Dear Donald
Dear Donald

Dear President Trump

Let's talk about loyalty.

Dear President Trump

Dear President Trump,

Hello. You do not know me. And despite all the coverage on you in the media, I do not know you. I only know what I think of you, what I have been allowed to see. And let me just say, I am not exactly pleased with what I have seen. In my eyes, you perpetrate Islamophobia, misogyny, racism, and hypocrisy among a variety of other errors. It makes it exceedingly difficult to trust you in a position of power, to trust you to make decisions that are in the best interest for our nation.

In this vein, I deeply understand why many individuals in your administration find it difficult to maintain a sense of loyalty to you.

Loyalty is defined as the state of showing constant support and allegiance to an institution or person. For you, President Trump, loyalty seems to be the end all, be all. You yourself have been quoted as saying, "You can't hire loyalty. [...] The thing I really look for though, over the longer term, is loyalty." Counselor to the President Kellyanne Conway is also quoted as stating that you "[expect] people who are serving in his administration to be loyal to the country and to be loyal to the administration." These are concerning statements.

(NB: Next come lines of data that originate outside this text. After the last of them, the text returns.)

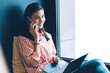 © BullRun - Young attractive positive female person communicating with friends in good atmosphere via modern smartphone.Pretty smiling woman talking on cellular while installing application on laptop computer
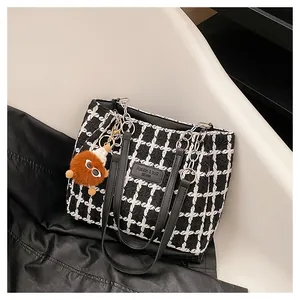 Detail of tweed checkered tote bag with metal chain handles and brown plush charm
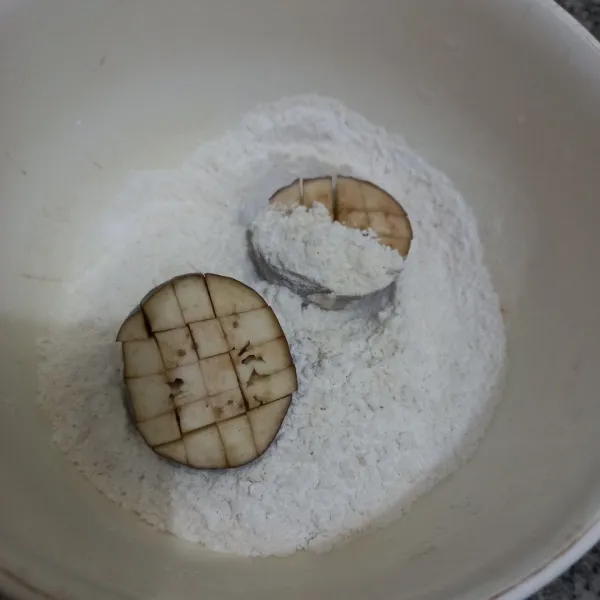 Masukkan terong ke dalam tepung, baluri hingga tepung meresap pada terong.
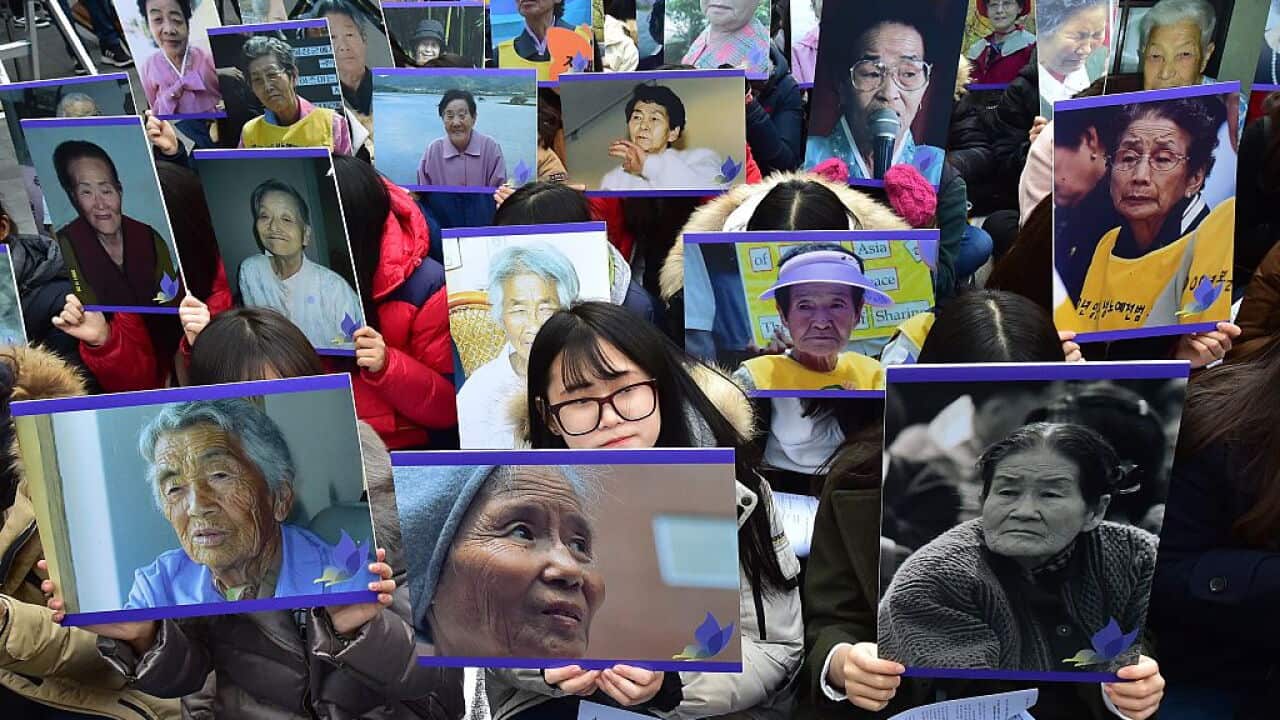 South Korean supporters hold portraits of former "comfort women", who were forced into wartime sexual slavery for Japanese soldiers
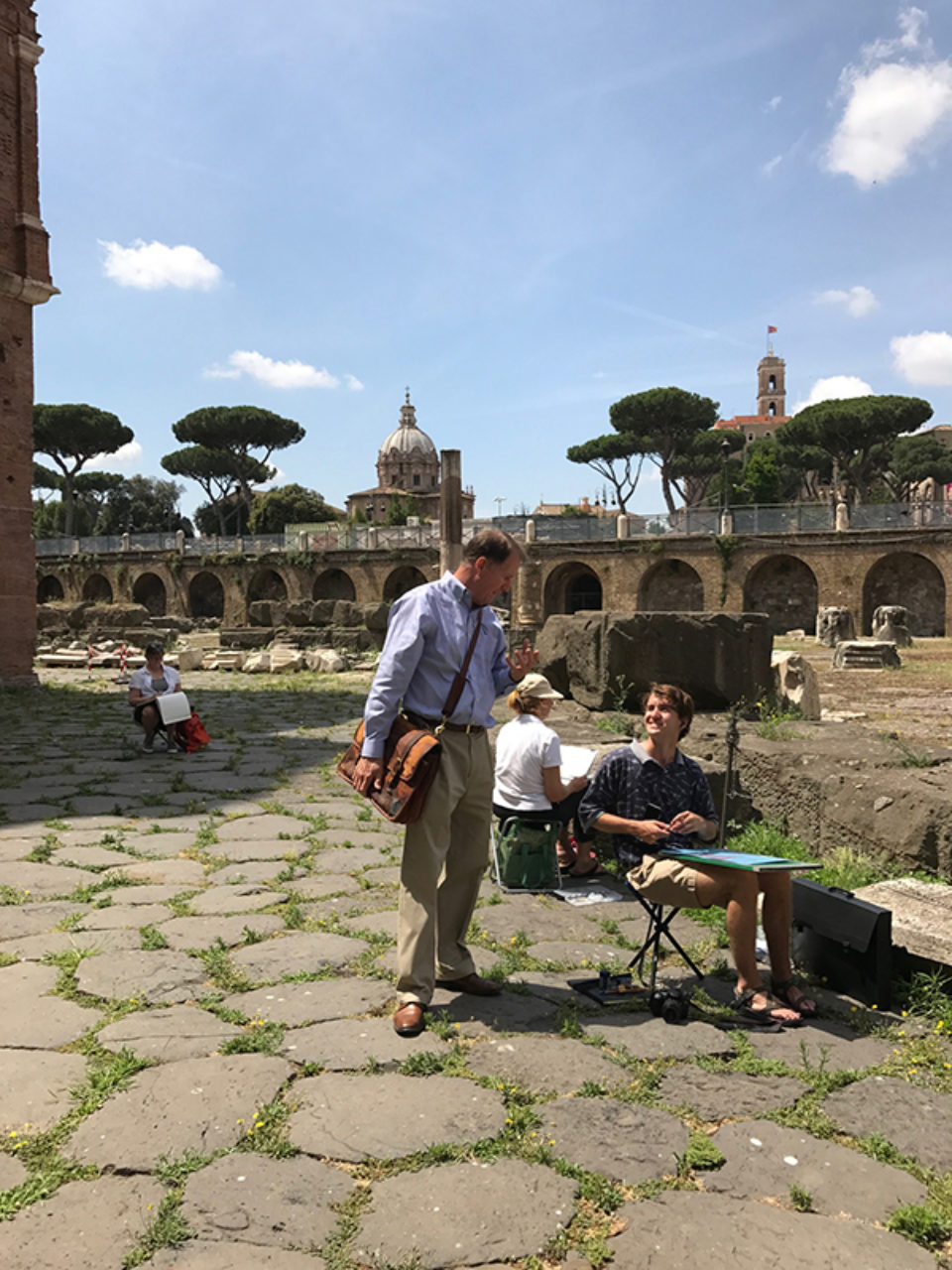 Tour participants sketch on location at Trajan's Market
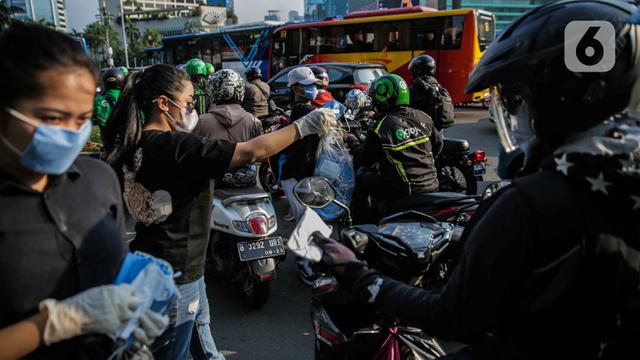 Relawan Bagi-Bagi Masker ke Pengguna Jalan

In early May when FBI Director Comey was fired, it was said that an issue of loyalty came into play. Comey, who was investigating the Trump campaign's potential ties with Russia, was clear in his intent to continue his investigation no matter the amount of time it took or the President's desire for it to end. The circumstances of his firing were suspicious, with no concrete answer as to why he was fired coming from the White House or Trump, simply a cacophony of different excuses. It became hard to tell fact from fiction and know the true story behind Comey's firing, and whether it was truly due to a supposed lack of morale or rather was related to the investigation he was conducting.

A similar situation which happened before this was the firing of former Acting US Attorney General Sally Yates, who was fired following her refusal to support the immigration ban earlier this year. In a statement regarding this decision, it was stated that Yates "betrayed" the Department of Justice. However, in Yates' own words, she took an oath “support and defend the Constitution of the United States,” not the President. How exactly did she betray you, Mr. President? Did she reveal sensitive information to Russia? Did she steal millions of dollars from the government? No, she did none of that. All of those would be in the vein of disloyalty, even treason. Rather, she simple stated that to her the ban you were attempting to implement was unconstitutional, and as such she could not give it her support.

Loyalty may be a necessary trait in the business world, President Trump. After all, when dealing with endless competition from a variety of courses and constantly attempting to keep ahead of what they are doing, it can be hard to trust those around you to remain loyal. If one person is not loyal, millions could be lost. But the White House is not a business. You cannot simply fire those who are not loyal, because it is not in their job description to be loyal to you. Their job is to be part of the system of checks and balances which works to prevent total control from falling into one individual's hands.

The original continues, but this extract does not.